L'essai mené en 2022 a connu 9 jours de très fortes chaleurs (> 35 °C) et 52 jours de fortes chaleurs (> 30 °C). Quant à l'essai de 2023, il a connu 11 jours de très forte chaleur (> 35 °C) et 35 jours de fortes chaleurs (> 30 °C). La pluviométrie relevée sur la durée du cycle 2022 est de 238 mm. La distribution des pluies est hétérogène en raison de l'existence d'une période sèche entre début juillet et mi-août (Figure 1). Des apports fréquents d'irrigation sont apportés sur la culture pour satisfaire le grossissement des bulbes, phase cruciale de l'élaboration du rendement de l'oignon. En 2023, la pluviométrie s'élève à 223 mm et la distribution des précipitations est plus homogène qu'en 2022. Les épisodes pluvieux survenus fréquemment à la fin du printemps et au début de l'été ont favorisé l'apparition du mildiou dès la mi-juillet. Ils ont parfois entraîné de l'asphyxie racinaire dans certains endroits de la parcelle de l'essai. En 2022, le climat observé lors du cycle de culture est donc plus chaud et plus sec qu'en 2023.

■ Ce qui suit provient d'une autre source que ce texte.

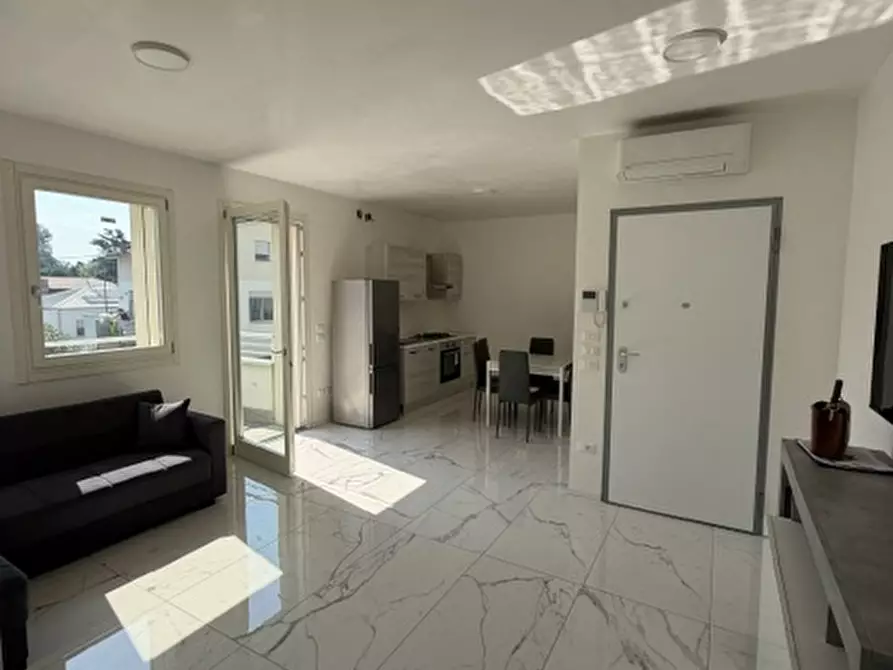 Immagine 4 di Appartamento in vendita  a Padova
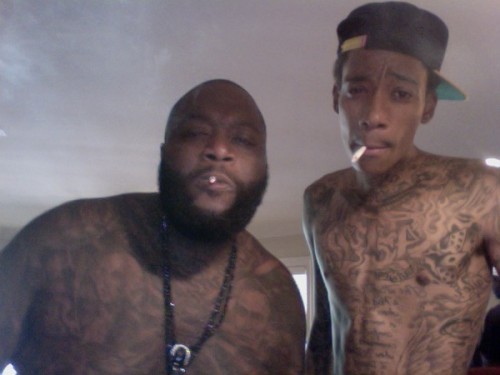 wiz Khalifa blunt taker wizzard boy follow @killaflow thanks fans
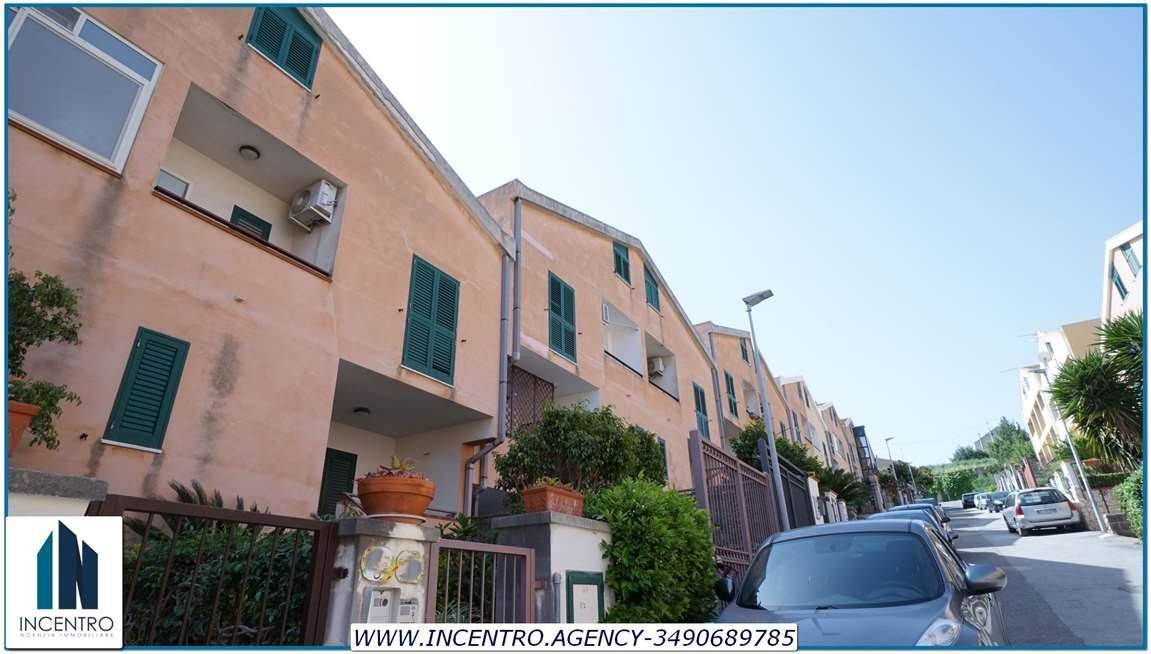 5 rooms Apartment in Messina, Italy No. 310725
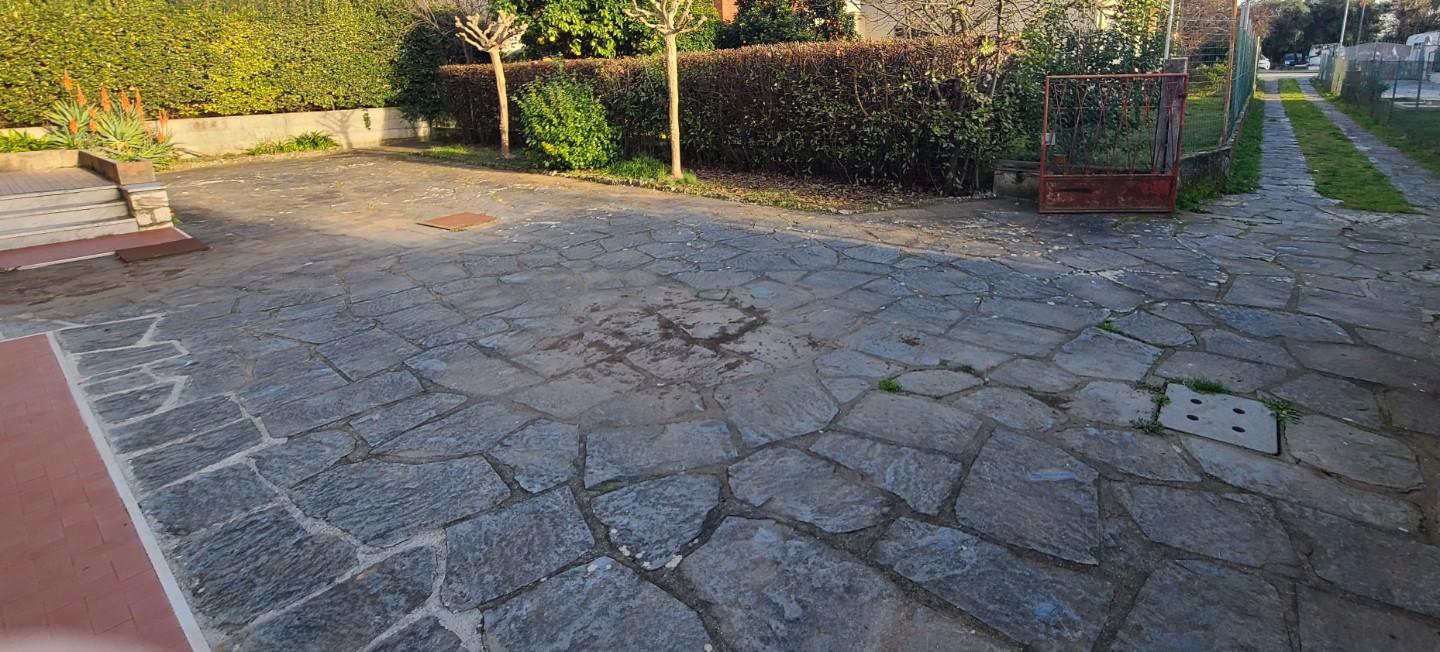 Casa indipendente con giardino, Seravezza ripa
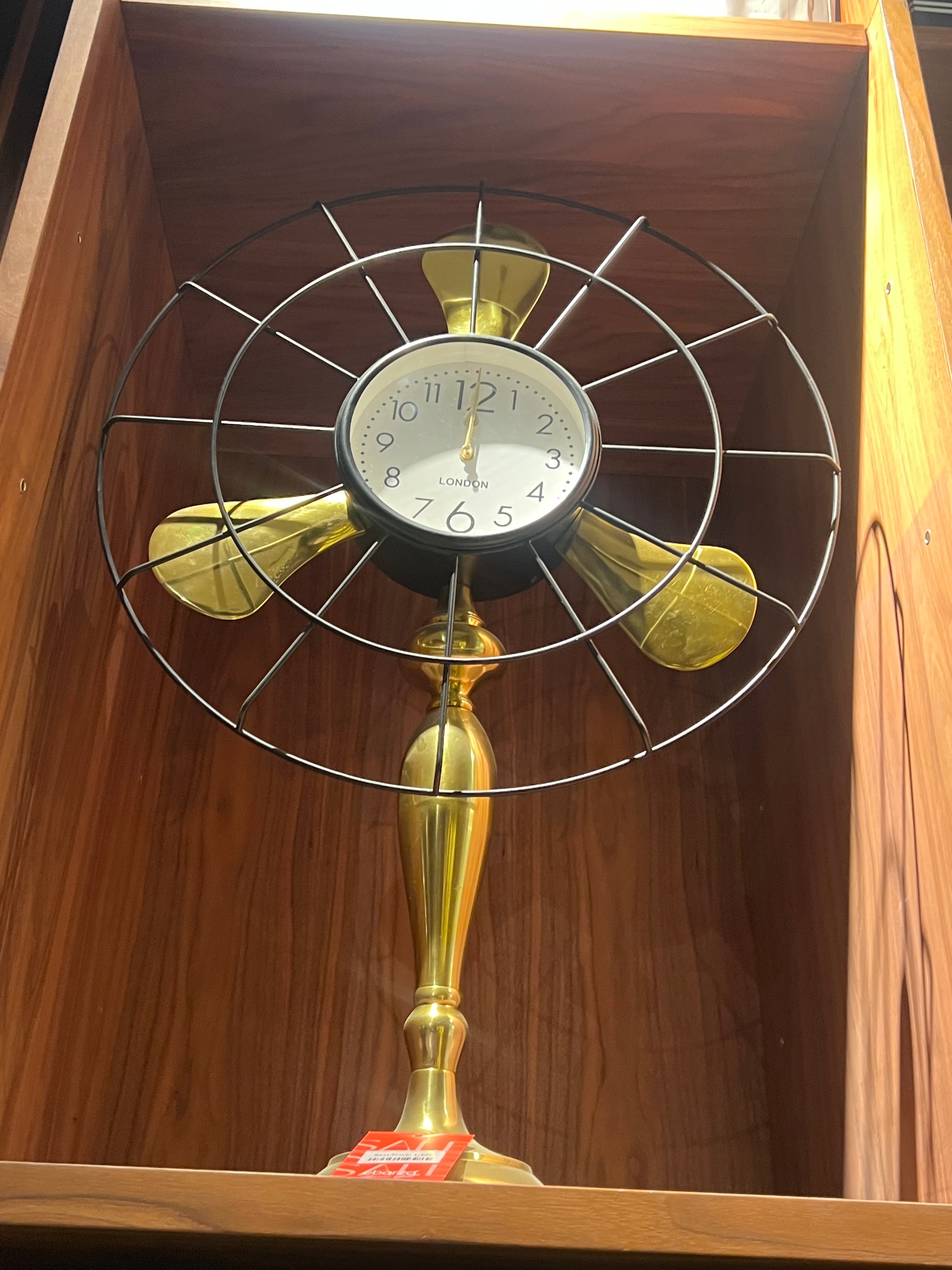 Display Item - Fan-Style Table Clock 14840-02 Nakheel - DISPLAY ITEM - ebarza Furniture UAE | Shop Modern Furniture in Abu Dhabi & Dubai - مفروشات ايبازرا في الامارات | تسوق اثاث عصري وديكورات مميزة في دبي وابوظبي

Au cours des années 2022 et 2023, les rendements moyens observés sont assez similaires (Figure 2). Néanmoins, en 2023, la variabilité est plus marquée au vu du nombre plus élevé de groupes statistiques. En 2022, concernant les oignons de couleur jaune, la variété Legend, variété de référence dans la Drôme et d'origine espagnole, a montré un rendement de 5,8 kg/m2 significativement supérieur aux autres cultivars. En 2023, elle s'est avérée être la deuxième variété la plus productive avec un rendement de 6,7 kg/m2. Elle a produit un nombre plus conséquent de bulbes de gros calibres. Legend a donc un bon potentiel de rendement et présente un compromis correct en conservation. Highlander, variété de référence régionale, a montré des rendements corrects et similaires en 2022 et 2023 : 4,6 et 5,0 kg/m2. Lors de la première année, la majorité des variétés ne présentaient que très peu de différences de rendement entre elles. La variété Nation a montré le plus faible potentiel de rendement au cours des deux années avec 3,6 kg/m2 en 2022 et 3,0 kg/m2 en 2023. La variété Sonoma, évaluée uniquement en 2023, a présenté un rendement significativement plus élevé que les autres variétés (8,1 kg/m2) mais une plus faible aptitude à la conservation. Les conditions chaudes observées en 2022 expliquent en partie les plus fortes proportions de bulbes de calibres supérieurs à 80 mm observés cette année-là. En 2022, une forte corrélation entre le rendement et le calibre est mise en évidence. Les variétés à gros bulbe Musica, Hysinger, Legend et Prelesco affichent des rendements généralement supérieurs.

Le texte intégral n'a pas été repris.